Stored entries:
§ §

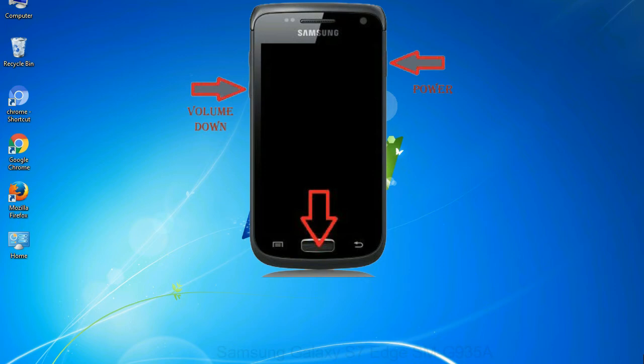To boot into download mode, press and hold volume down key, home key and power key. When phone vibrates, leave the power key but keep holding the volume down key and home key. You will boot into the download mode.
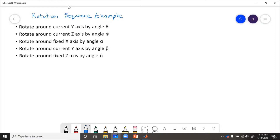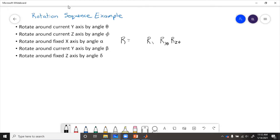To solve the rotation sequence using method one, we write down the first rotation in the middle — R_y(theta). Then we write each current rotation as a post-multiplication and each fixed rotation as a pre-multiplication. For the current z rotation, that's post-multiplication: R_z(phi). Then fixed x by alpha goes in front: R_x(alpha). Current y by angle beta goes in the back: R_y(beta). And fixed z by angle delta goes in the front: R_z(delta). So the full expression is R_z(delta) · R_x(alpha) · R_y(theta) · R_z(phi) · R_y(beta).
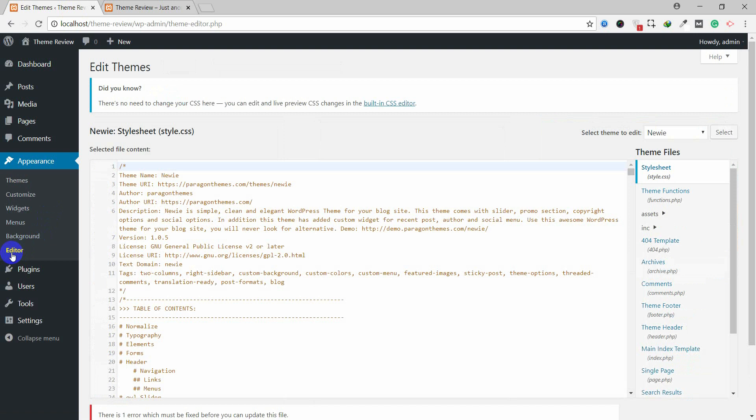If you are using a different theme and don't know how to remove the powered-by text, please comment in the comment section below. I will guide you and help you remove the powered-by section with just one or two lines of code. Thank you so much for watching.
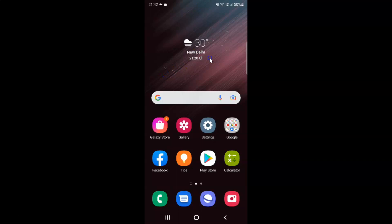So this is my Samsung Galaxy S22 Ultra device. Let us start. First of all, you have to open your settings app. Here is my settings app. Let me tap on it to open it.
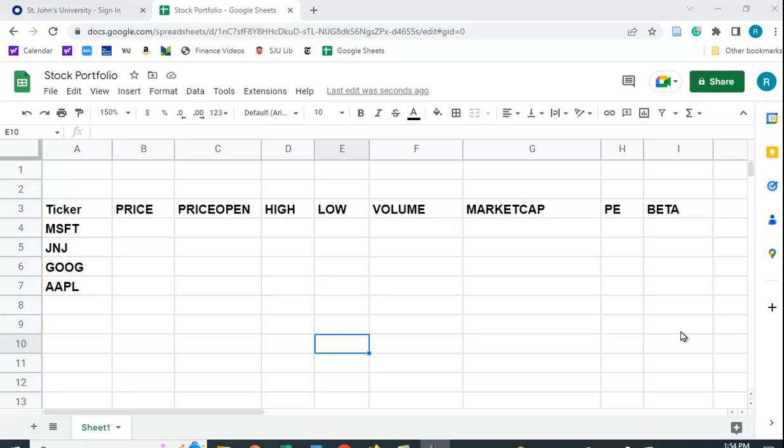Let me show you how you can get some stock data in Google Sheets. So perhaps you want to get some information on some stocks that you own in a portfolio.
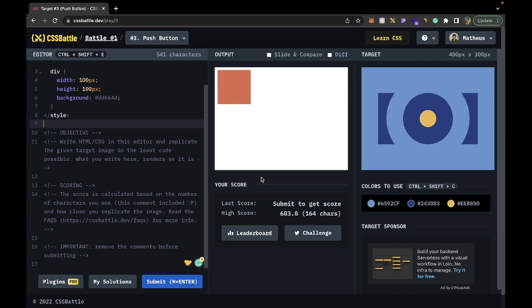Hello and welcome to the third episode of the CSS Battles walkthrough. Today we're going to be doing the push button, the third challenge, which is just a lot of circles.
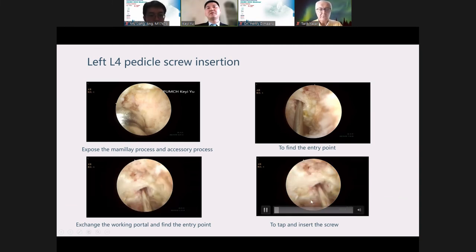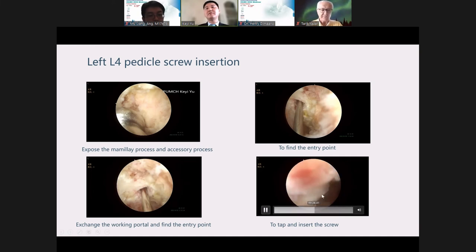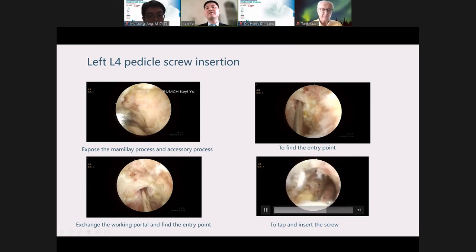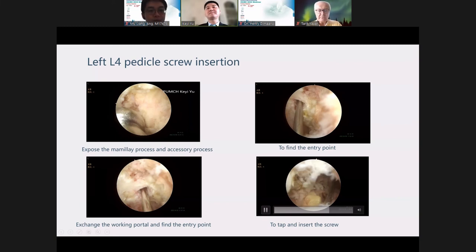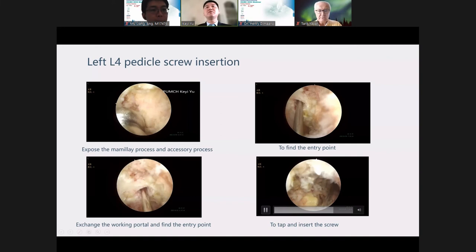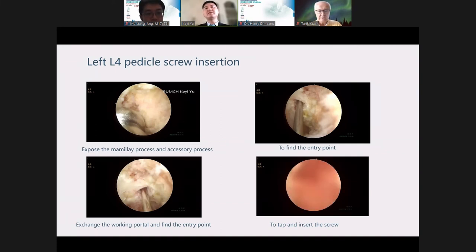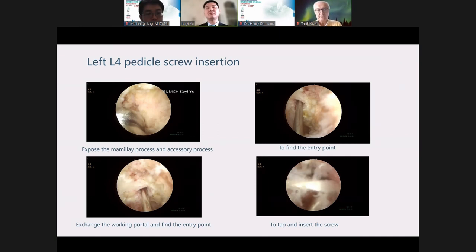I will make the X-ray check. If the position is good, I use the probe to make the canal for screw insertion. Now you can see very clearly — 25 mm, 30, 40 — that's enough. After using the probe, you can feel the medial wall, inner wall, and lower wall of the canal to make sure there is a good position with no breach of the screw trajectory.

§ §

ACTION ITEM: Please repeat each record exactly and keep every picture out of the copy.

COMPLETED EXERCISE:
To boot into download mode, press and hold volume down key, home key and power key. When phone vibrates, leave the power key but keep holding the volume down key and home key. You will boot into the download mode.
To solve the rotation sequence using method one, we write down the first rotation in the middle — R_y(theta). Then we write each current rotation as a post-multiplication and each fixed rotation as a pre-multiplication. For the current z rotation, that's post-multiplication: R_z(phi). Then fixed x by alpha goes in front: R_x(alpha). Current y by angle beta goes in the back: R_y(beta). And fixed z by angle delta goes in the front: R_z(delta). So the full expression is R_z(delta) · R_x(alpha) · R_y(theta) · R_z(phi) · R_y(beta).
If you are using a different theme and don't know how to remove the powered-by text, please comment in the comment section below. I will guide you and help you remove the powered-by section with just one or two lines of code. Thank you so much for watching.
So this is my Samsung Galaxy S22 Ultra device. Let us start. First of all, you have to open your settings app. Here is my settings app. Let me tap on it to open it.
Let me show you how you can get some stock data in Google Sheets. So perhaps you want to get some information on some stocks that you own in a portfolio.
Hello and welcome to the third episode of the CSS Battles walkthrough. Today we're going to be doing the push button, the third challenge, which is just a lot of circles.
I will make the X-ray check. If the position is good, I use the probe to make the canal for screw insertion. Now you can see very clearly — 25 mm, 30, 40 — that's enough. After using the probe, you can feel the medial wall, inner wall, and lower wall of the canal to make sure there is a good position with no breach of the screw trajectory.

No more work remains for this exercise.